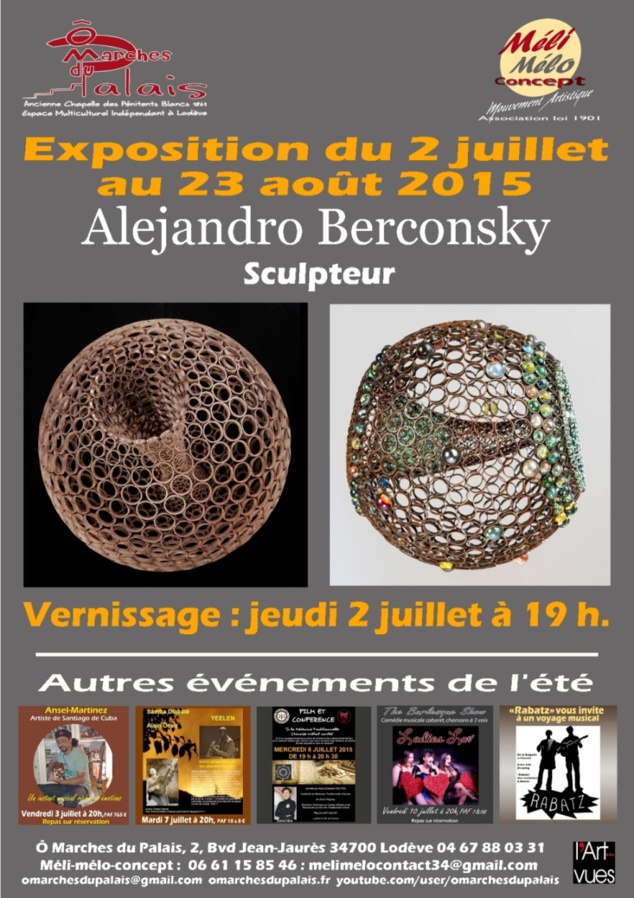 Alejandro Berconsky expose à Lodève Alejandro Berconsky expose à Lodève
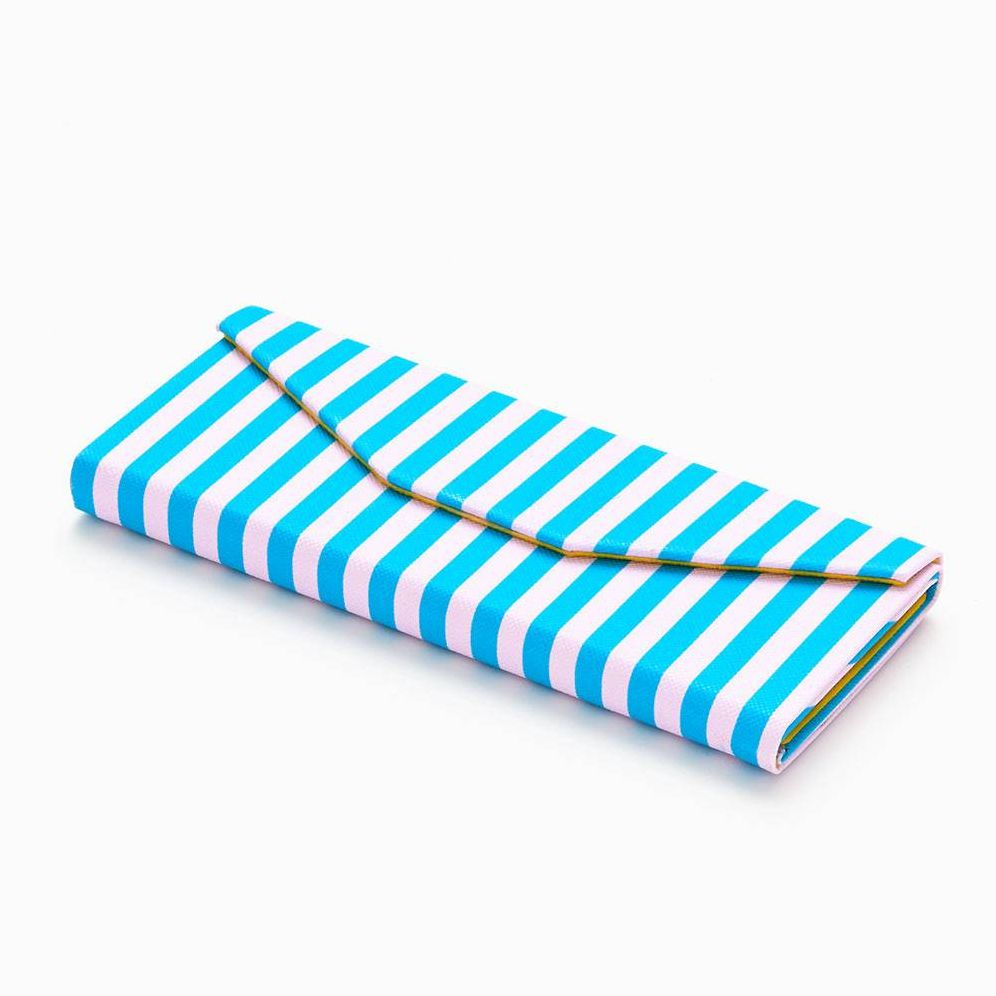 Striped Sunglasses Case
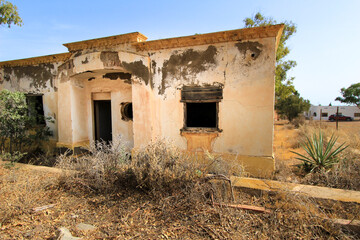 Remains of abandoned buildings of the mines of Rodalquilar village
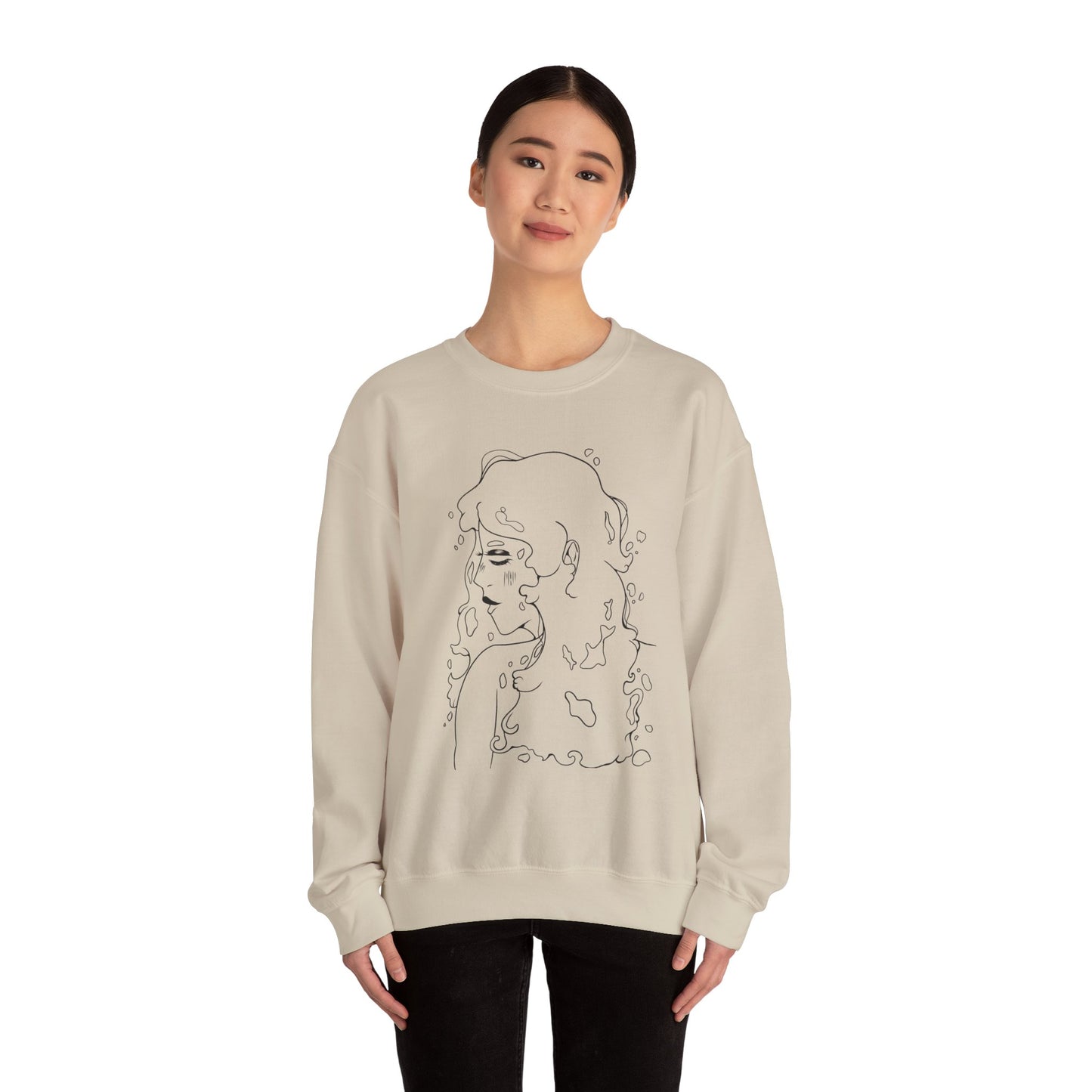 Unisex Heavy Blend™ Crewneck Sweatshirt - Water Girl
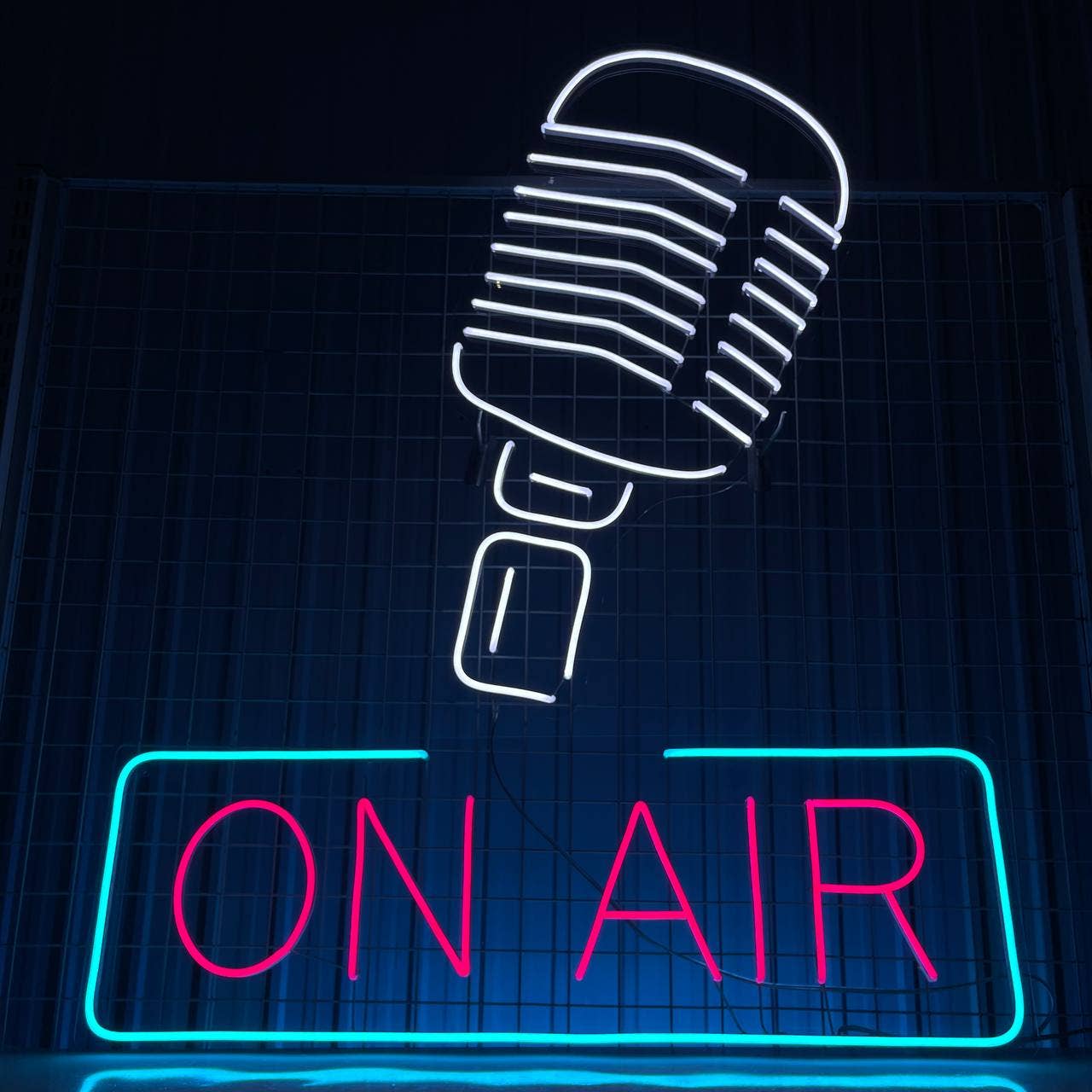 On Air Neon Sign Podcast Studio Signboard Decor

______________________________

Work to be completed
Recopy the full listing exactly, passing over any picture.

Solution to this task
 Alejandro Berconsky expose à Lodève Alejandro Berconsky expose à Lodève
 Striped Sunglasses Case
 Remains of abandoned buildings of the mines of Rodalquilar village
 Unisex Heavy Blend™ Crewneck Sweatshirt - Water Girl
 On Air Neon Sign Podcast Studio Signboard Decor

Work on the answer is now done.